• TASK REQUIREMENTS:
While you copy the lines below, skip the pictures and keep the rest exact.

• DATASET EXTRACT:
- - - - -

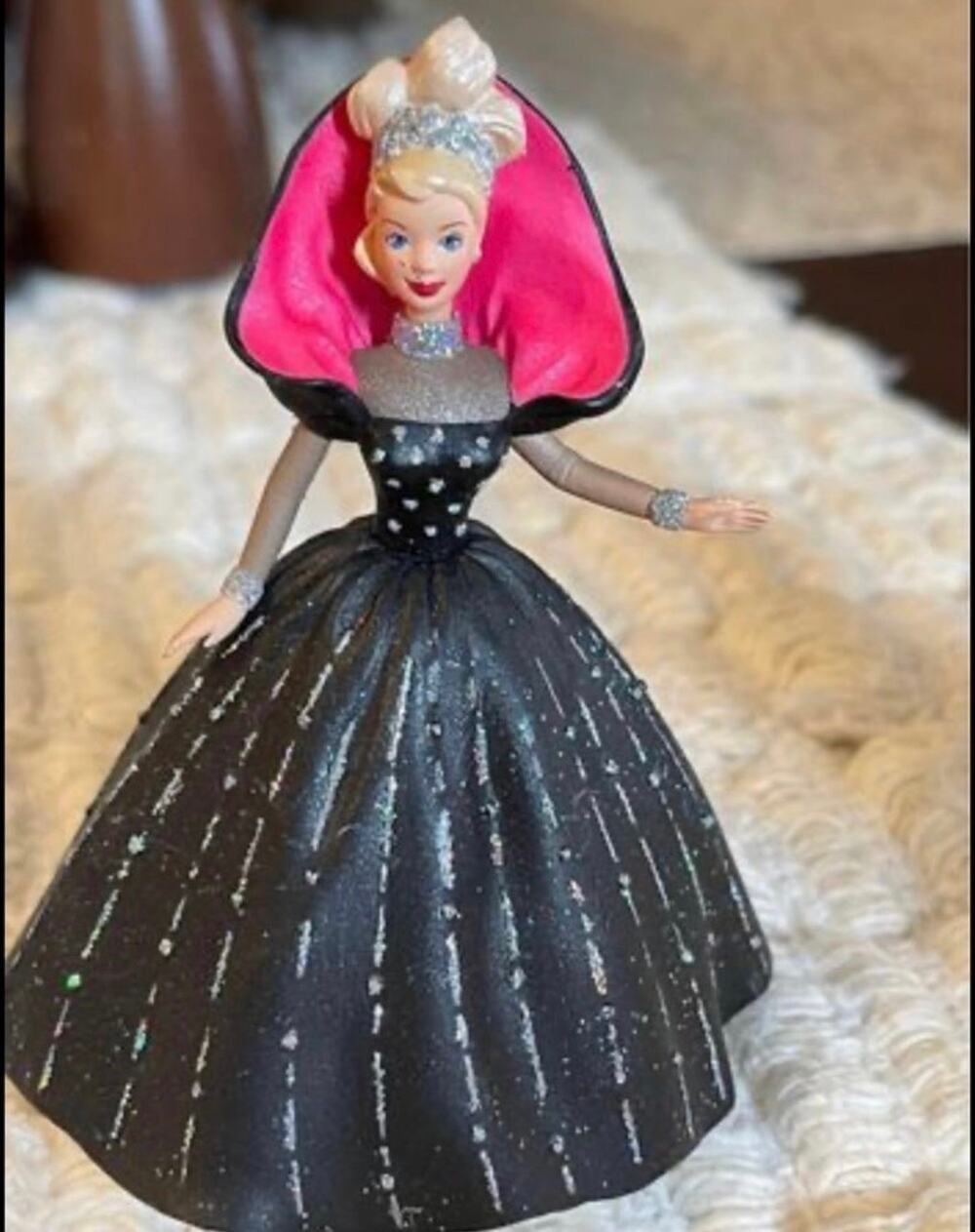 Hallmark Barbie christmas ornament 1996 no box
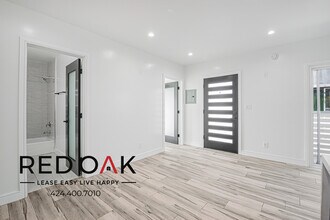 836 Van Ness Ave in Los Angeles, CA - Building Photo - Building Photo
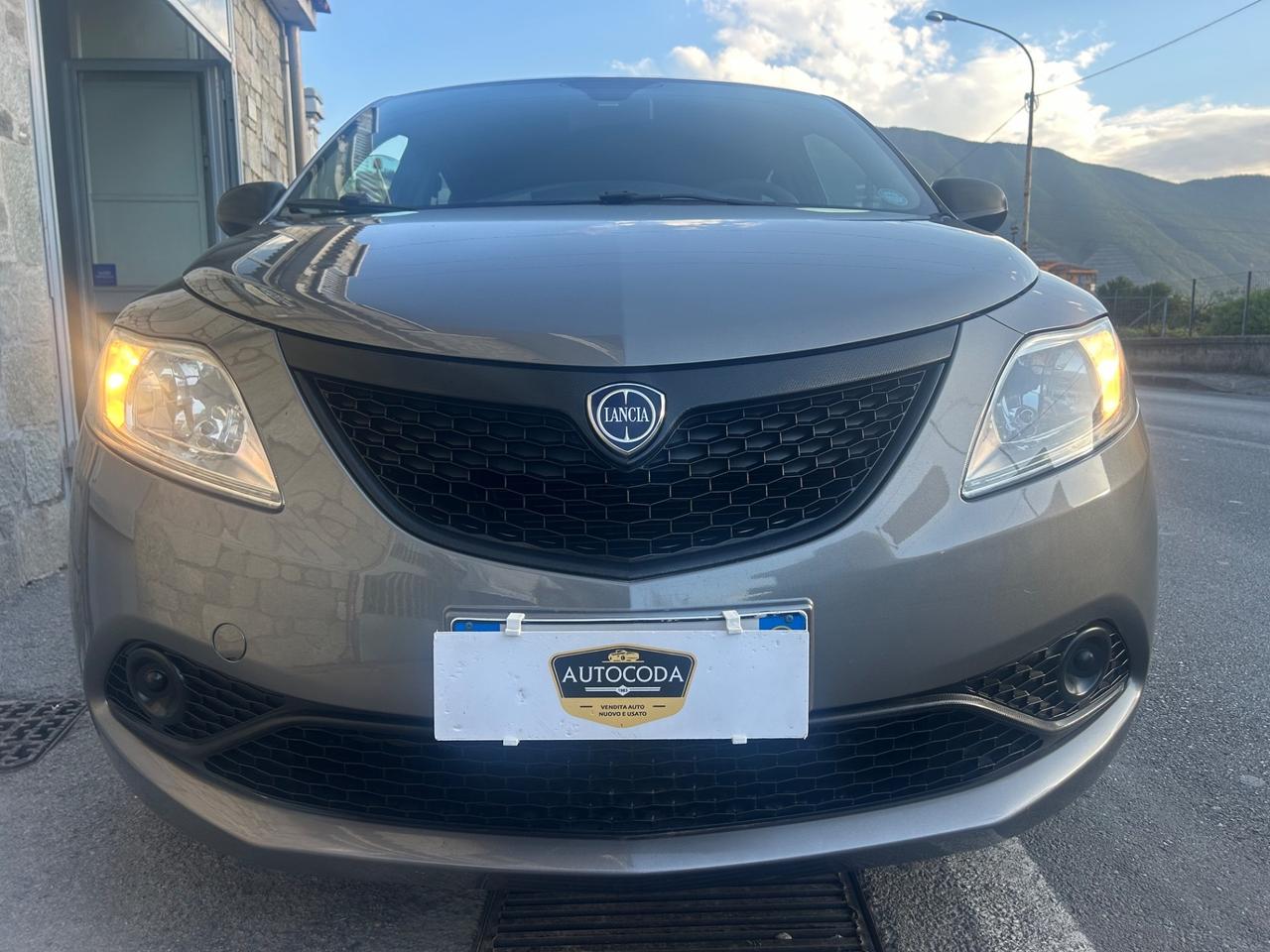 Lancia Ypsilon 1.3 MJT 16V 95 CV 5 porte S&S Elefantino Blu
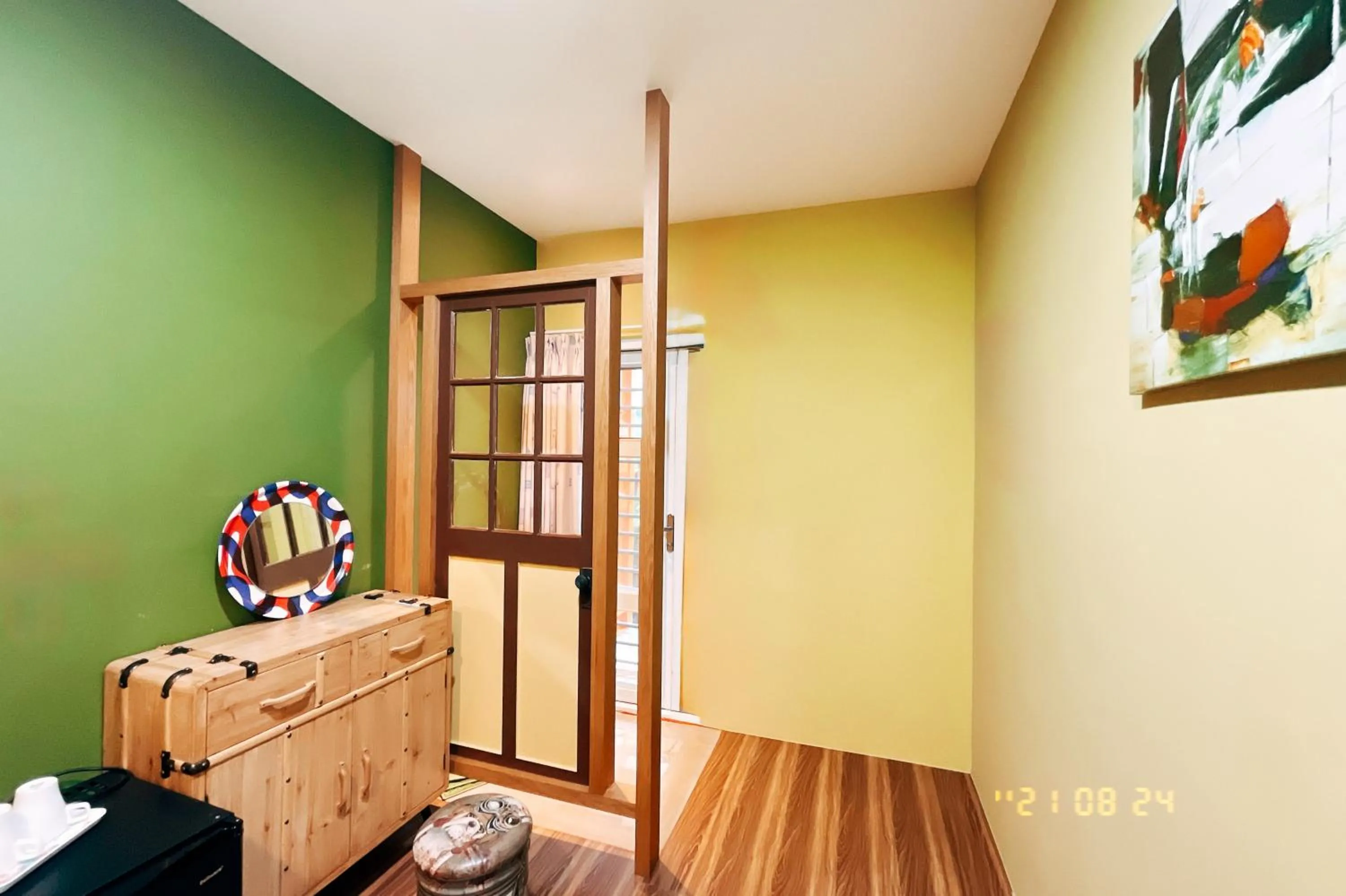 Little Ryukyu Hermit Crab Homestay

- - - - -

• PROBLEM SOLUTION:
 Hallmark Barbie christmas ornament 1996 no box
 836 Van Ness Ave in Los Angeles, CA - Building Photo - Building Photo
 Lancia Ypsilon 1.3 MJT 16V 95 CV 5 porte S&S Elefantino Blu
 Little Ryukyu Hermit Crab Homestay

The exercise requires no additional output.